- **WHAT TO DO**
All records, minus the pictures: write them out exactly.

[Saved data entries]
------------------------------------------------------------

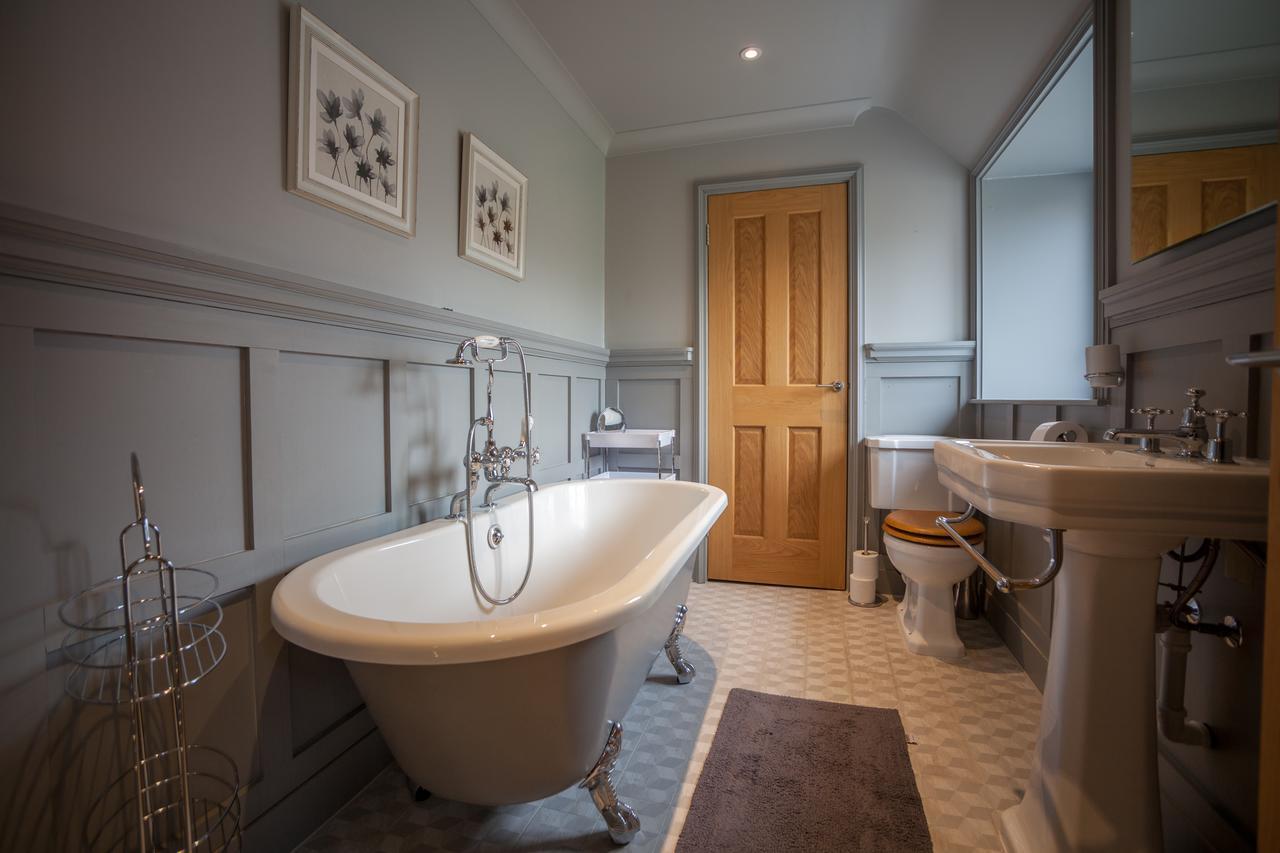 Ludlow - Linnet House - Well Presented Townhouse With Parking - Perfect Location For Exploring On Foot, Sleeps Up To 8 Guests - Hosted By Rentmyhouse Bagian luar foto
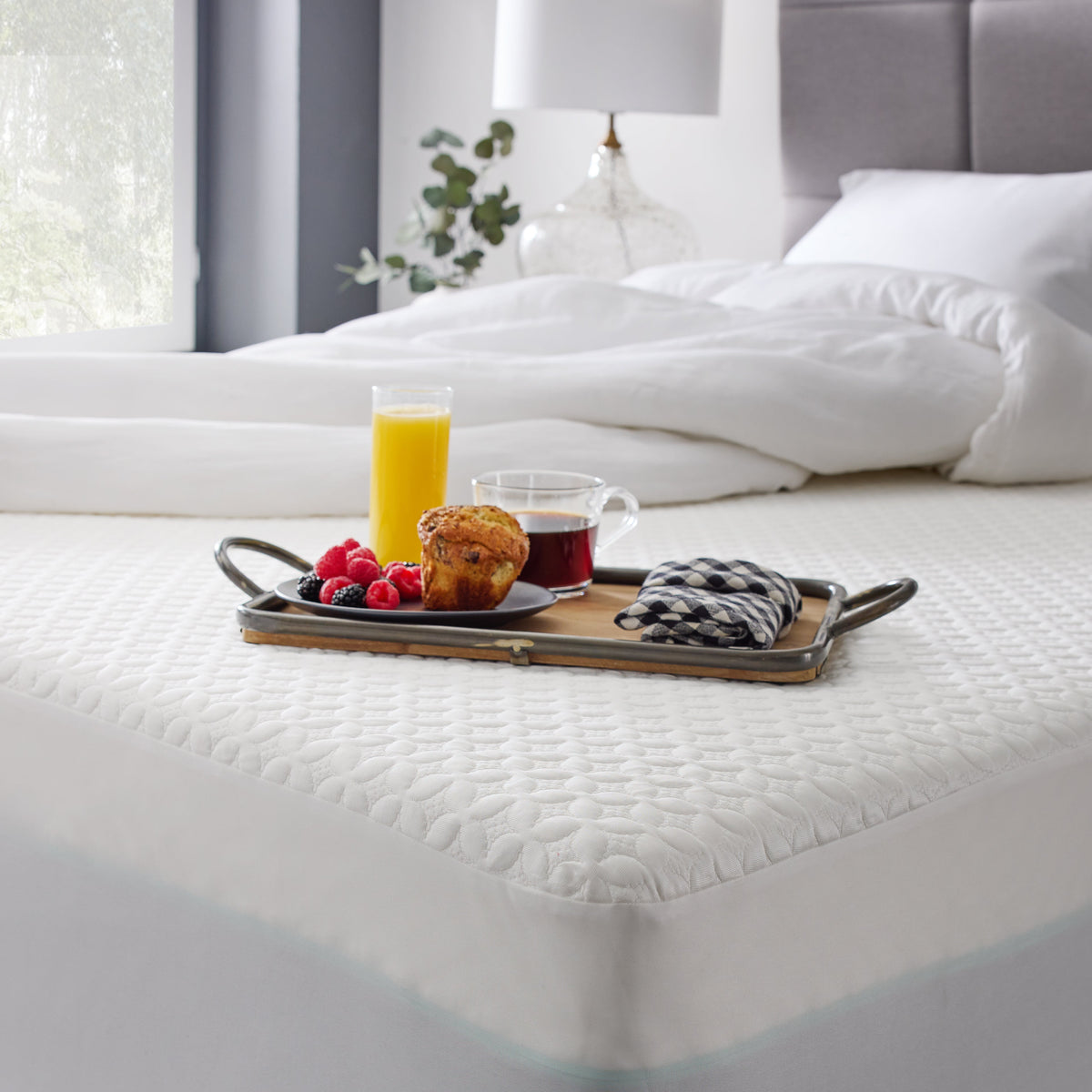 Five 5ided™ + HyperChill™ Mattress Protector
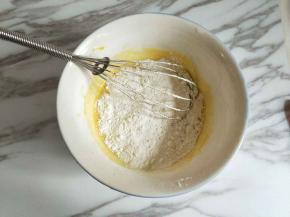 筛入低筋面粉。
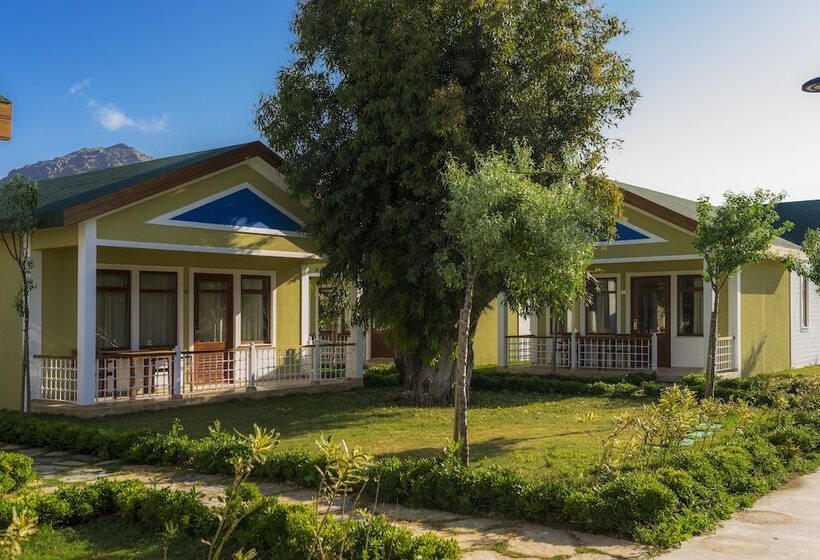 חדר דלוקס, Club Marma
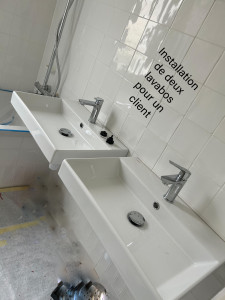 Photo de galerie - Installation de deux lavabos comme souhaité par le client. 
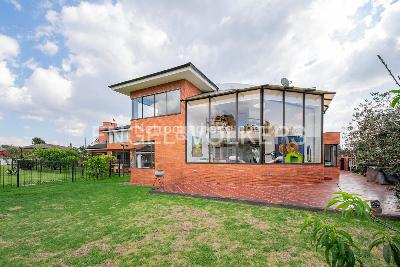 Casa de 5 alcobas en venta en Guaymaral, Chía, 378 m² · foto 18 de 18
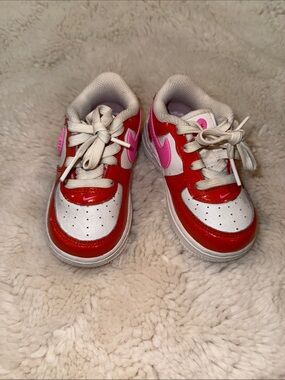 Nike Kids Red and Pink Low-Top Sneakers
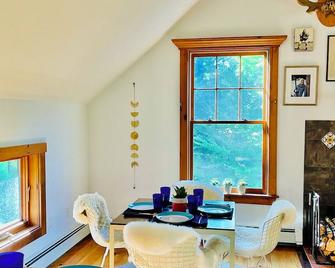 The Spruce Guesthouse: A Beautifully Renovated Contemporary Barn. - Chester - Jídelna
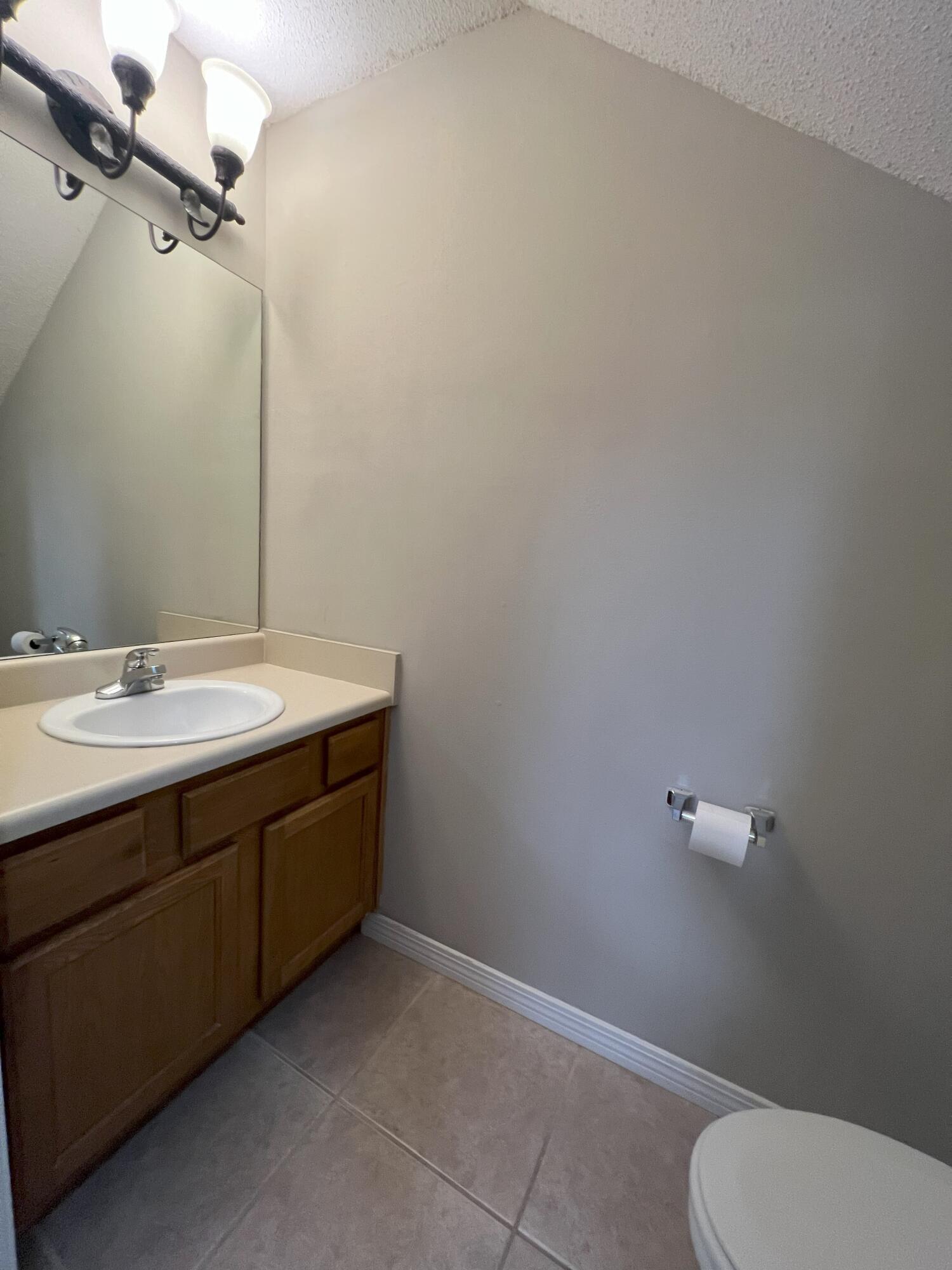 1409 Beaver Run Road Niceville, FL 32578 - Photo 6 of 14 IMG_0730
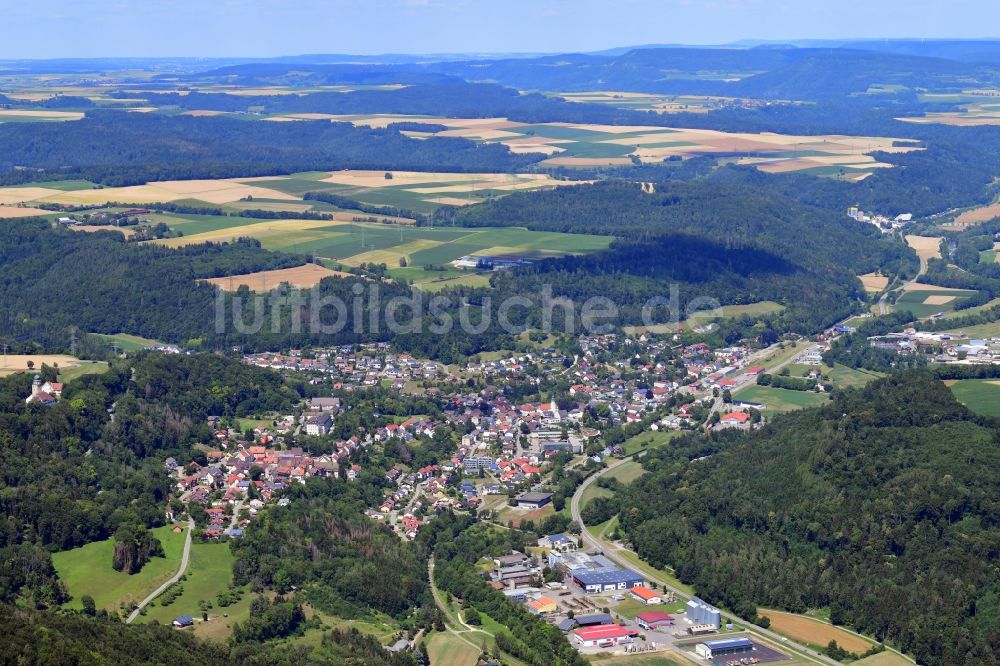 Stühlingen aus der Vogelperspektive: Gesamtübersicht und Stadtgebiet mit Außenbezirken und Innenstadtbereich in Stühlingen im Bundesland Baden-Württemberg, Deutschland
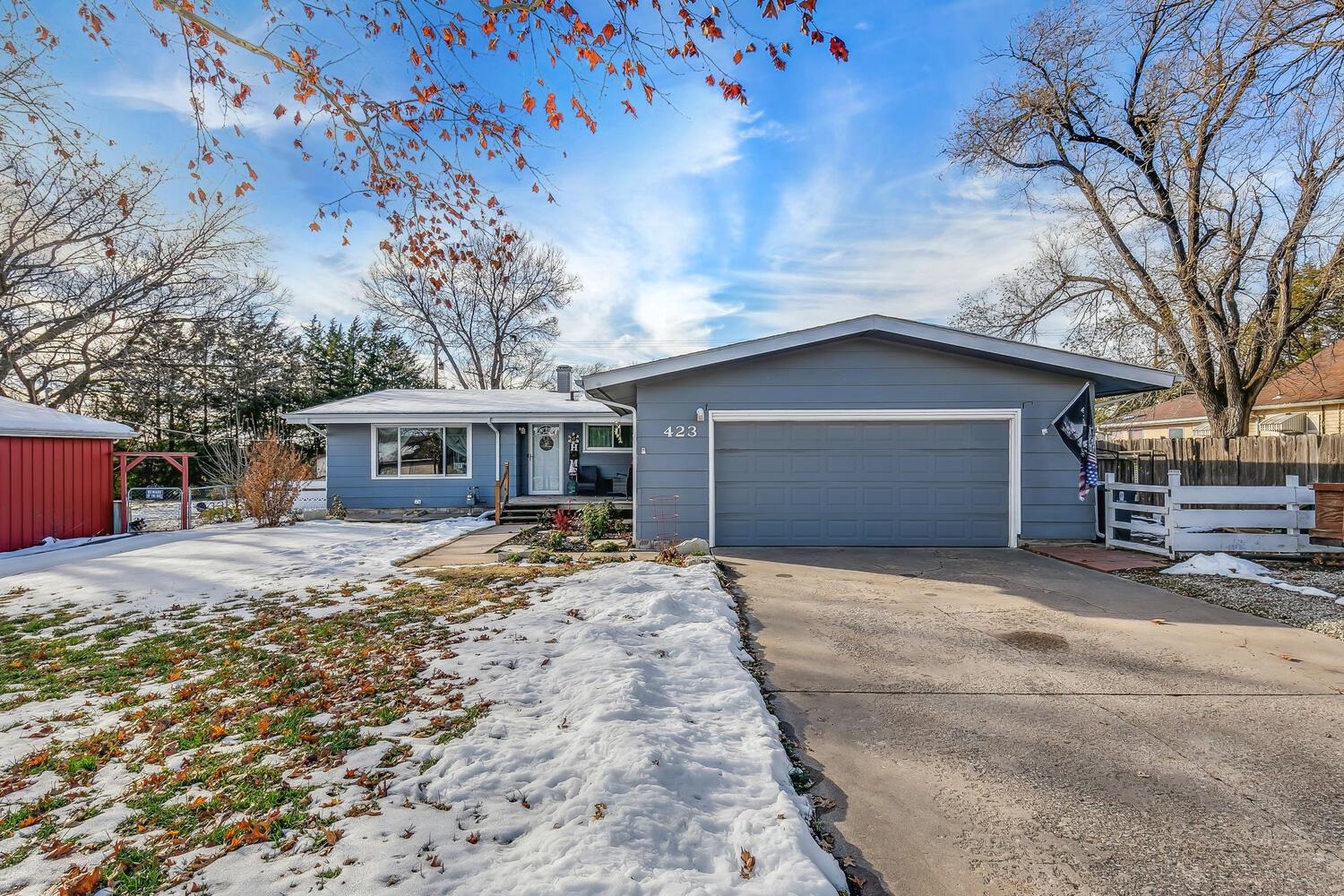 Photo of 423 N Broadview in El Dorado, KS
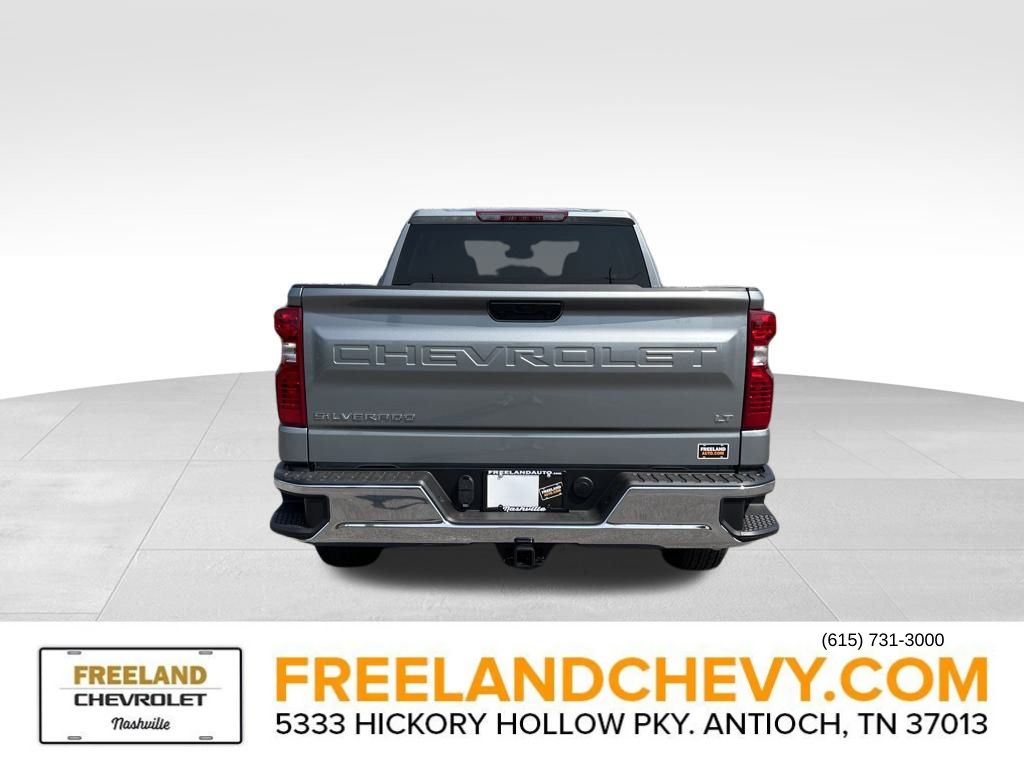Vehicle image 5 of 24
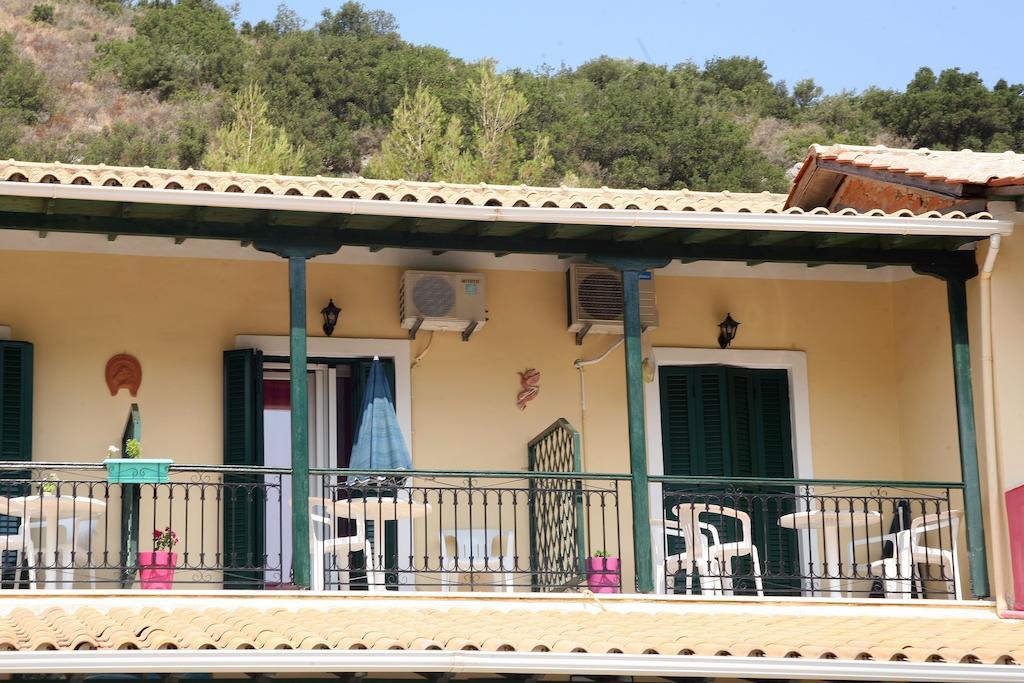 Marathes Studios Áyios Nikítas Exterior photo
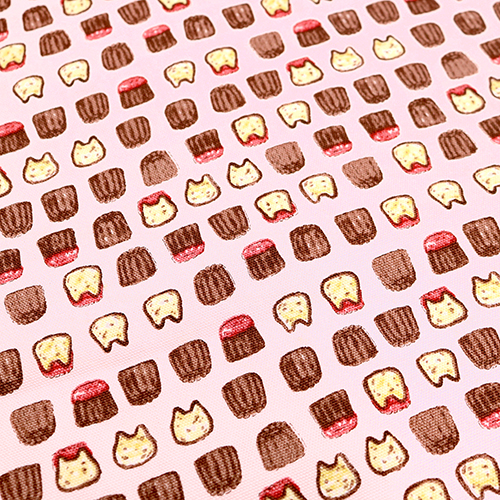 Mini Pastelería de Canelé con Gatos en Filas 5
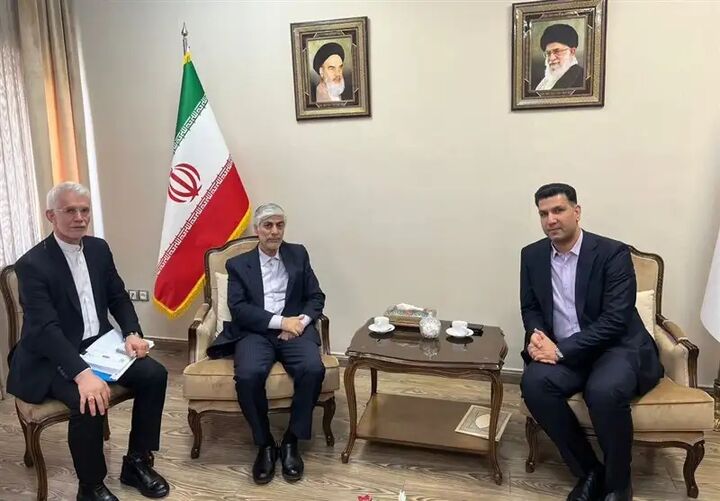 از میزبانی هندبال ایران حمایت میکنیم از میزبانی هندبال ایران حمایت میکنیم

------------------------------------------------------------

- **SOLVED EXERCISE**
 Ludlow - Linnet House - Well Presented Townhouse With Parking - Perfect Location For Exploring On Foot, Sleeps Up To 8 Guests - Hosted By Rentmyhouse Bagian luar foto
 Five 5ided™ + HyperChill™ Mattress Protector
 筛入低筋面粉。
 חדר דלוקס, Club Marma
 Photo de galerie - Installation de deux lavabos comme souhaité par le client. 
 Casa de 5 alcobas en venta en Guaymaral, Chía, 378 m² · foto 18 de 18
 Nike Kids Red and Pink Low-Top Sneakers
 The Spruce Guesthouse: A Beautifully Renovated Contemporary Barn. - Chester - Jídelna
 1409 Beaver Run Road Niceville, FL 32578 - Photo 6 of 14 IMG_0730
 Stühlingen aus der Vogelperspektive: Gesamtübersicht und Stadtgebiet mit Außenbezirken und Innenstadtbereich in Stühlingen im Bundesland Baden-Württemberg, Deutschland
 Photo of 423 N Broadview in El Dorado, KS
Vehicle image 5 of 24
 Marathes Studios Áyios Nikítas Exterior photo
 Mini Pastelería de Canelé con Gatos en Filas 5
 از میزبانی هندبال ایران حمایت میکنیم از میزبانی هندبال ایران حمایت میکنیم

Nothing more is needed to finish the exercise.